Even within the confines of the United States, however, the “(US) American nation” is akin to the pastiche nations that Europe created in the aftermaths of WWI and WWII, like Iraq and Yugoslavia, which never really coalesced into a single people. Within the contiguous United States, we have between six and eleven different historically, politically, and ethnically distinct nations. To a large extent, the Great American Experiment has been about trying to keep this mess together at all. It almost fell apart in the 1860’s, and while the Union was ultimately preserved, it’s been an angry truce, not a true peace.
If there is a successful attempt to forge a Fascist State of America, I think it will fall apart in short order over regional issues. I suspect it won’t last even as long as the twelve years that Hitler’s “thousand-year Reich” did.
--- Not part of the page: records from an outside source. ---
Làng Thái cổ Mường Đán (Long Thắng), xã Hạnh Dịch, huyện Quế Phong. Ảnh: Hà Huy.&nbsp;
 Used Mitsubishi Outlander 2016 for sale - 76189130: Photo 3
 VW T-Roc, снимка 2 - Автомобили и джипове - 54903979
So I think — I hope — The Donald will prove to be a premature and failed expression of the growing desire for fascism in the US. While I do feel a teensy bit sorry for the way Trump is destroying the Republican Party, they made a deal with the Devil back in the late 1970’s, and now the Devil has come back to claim their souls. Or to use a Biblical metaphor of the sort Republicans are so fond of quoting, they have sown the wind, and are now reaping the tornado. We can only hope it doesn’t turn into a Class Five monster.
I don’t think there are any guarantees.